How to manage email – Part 2 of 3 – My Work Expectations

This is a series of posts about the challenges around email and thoughts around a true Inbox filter that shifts the onus from the receiver to the sender.  If your job is busy work, or meetings, or not actually producing anything but instead just creating the illusion of work, then you can ignore the rest of these posts.

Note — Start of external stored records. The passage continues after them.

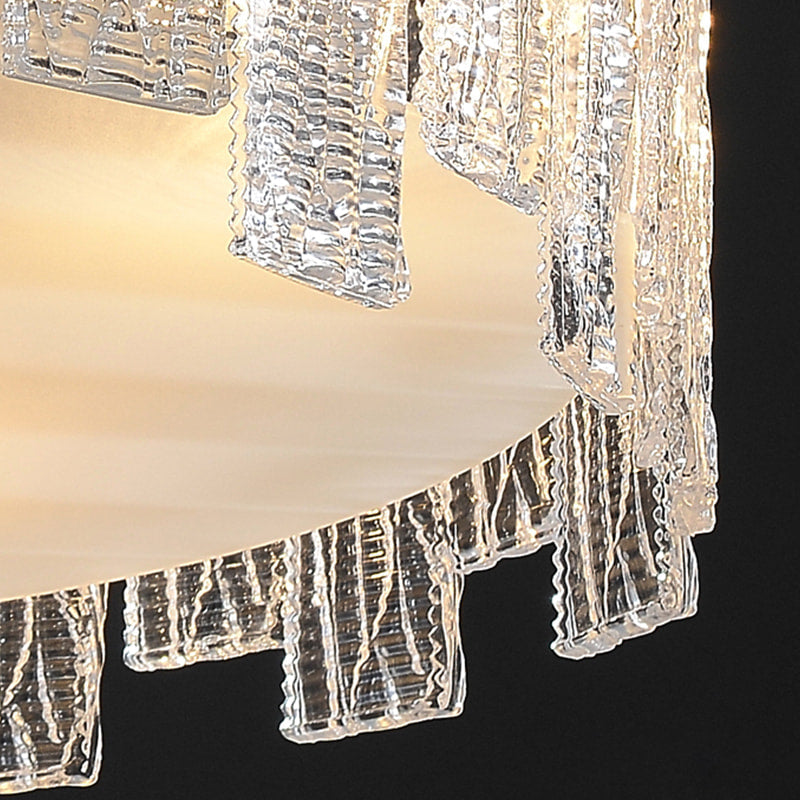 Luxury Mariner Brass Round Clear Textural Glass Chandelier - view 10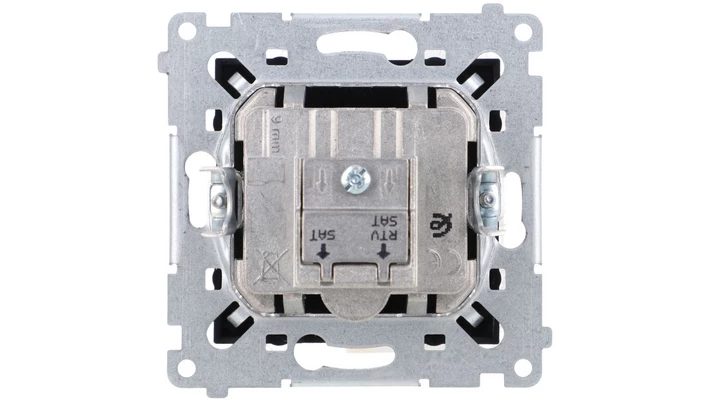 Simon 54 Gniazdo antenowe satelitarne podwójne SAT-SAT-RTV (moduł) czarny mat DASK2.01/49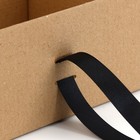 Коробка подарочная складная, упаковка, «Крафт, чёрная лента», 22 х 16.5 х 10 см - Фото 4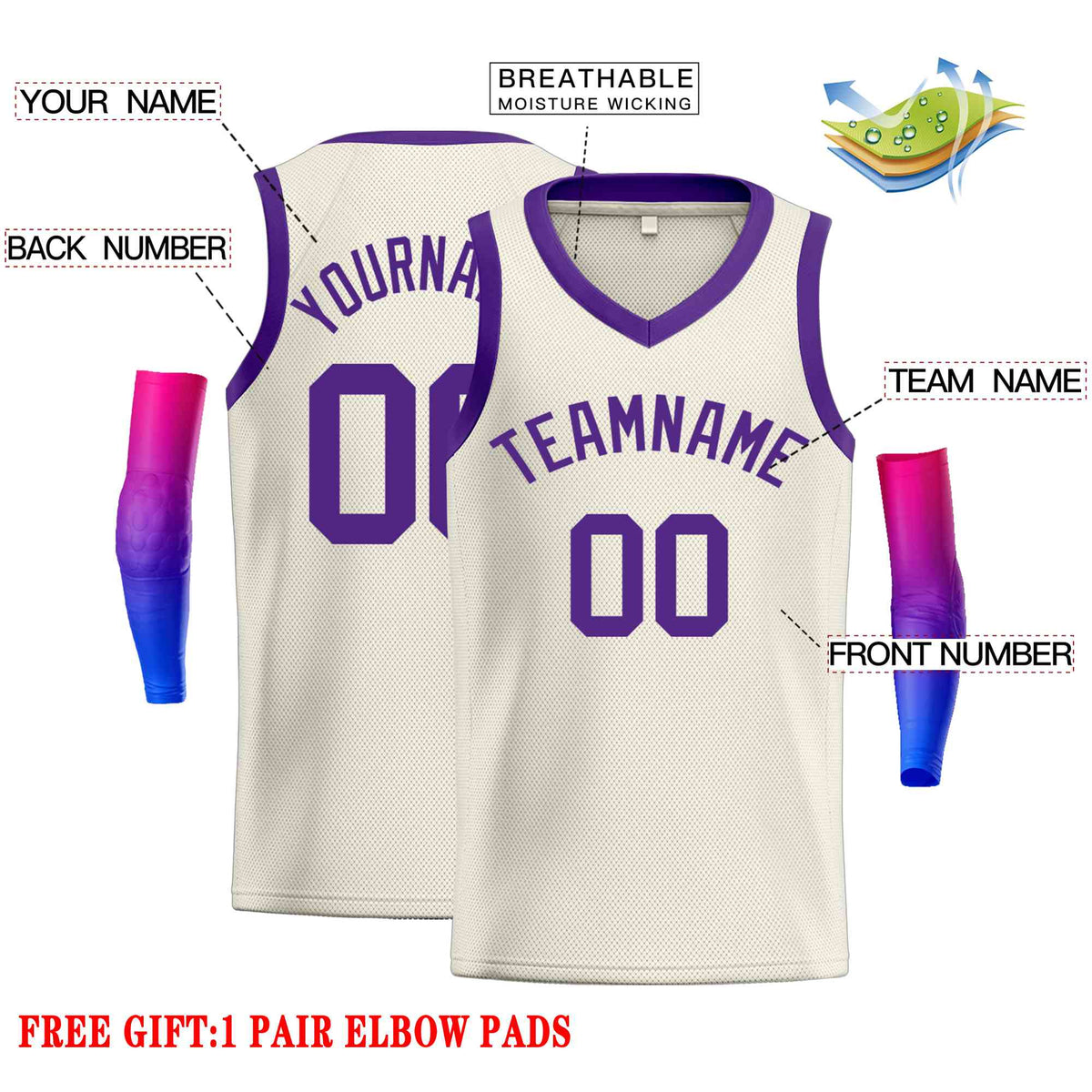 Custom Cream Purple-Classic Tops Men Casual Basketball Jersey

But for now, here are some more reasons why we need a better solution to e-mail:

  • Many executives I work with (myself included) have meetings and other obligations that consume a majority of their work day, with about 3-4-5 hours of additional email every single day.  That’s a pretty unsustainable 10-12 hour day to just deal with meetings and e-mail cruft, let alone trying to create anything, or grow as a person or professional.  Dare I say that e-mail is creating less genius and more nonsense.
  • If you want creative output, dare I say actual genius from people, you need to create an environment that fosters the three traits that Daniel Pink describes in Drive – Autonomy, Mastery & Sense of Purpose (Great RSA Animate link here).  So you need to create an environment where people can think, often alone and uninterrupted.  That means that they shouldn’t look at email for many hours.  If you have an expectation of a faster reply (and your need is worth 20 minutes of their time, because of the cost of a context switch), then you should send them an instant message, but understand the tradeoffs. I don’t think developers work late because they are instinctively night-owls; they work late because they get uninterrupted time at off-hours and get addicted to the creativity that comes as a consequence of solitude.
  • I’m very sensitive, as the boss, about not responding to email from my subordinates after hours.  I don’t want to set an expectation that they have to respond with the same schedule/frequency as I.  So if you are somebody in my organization, I may not be replying until work hours, because I don’t want you to feel compelled to respond back.
  • Depending on the  great work that people are involved with at the moment, they have a different PII – Peresonal Interruption Index.  Having a variable PII is natural, but the problem is that if you set the precedent of having a low PII on some days (and reply quickly), they may come to expect it always.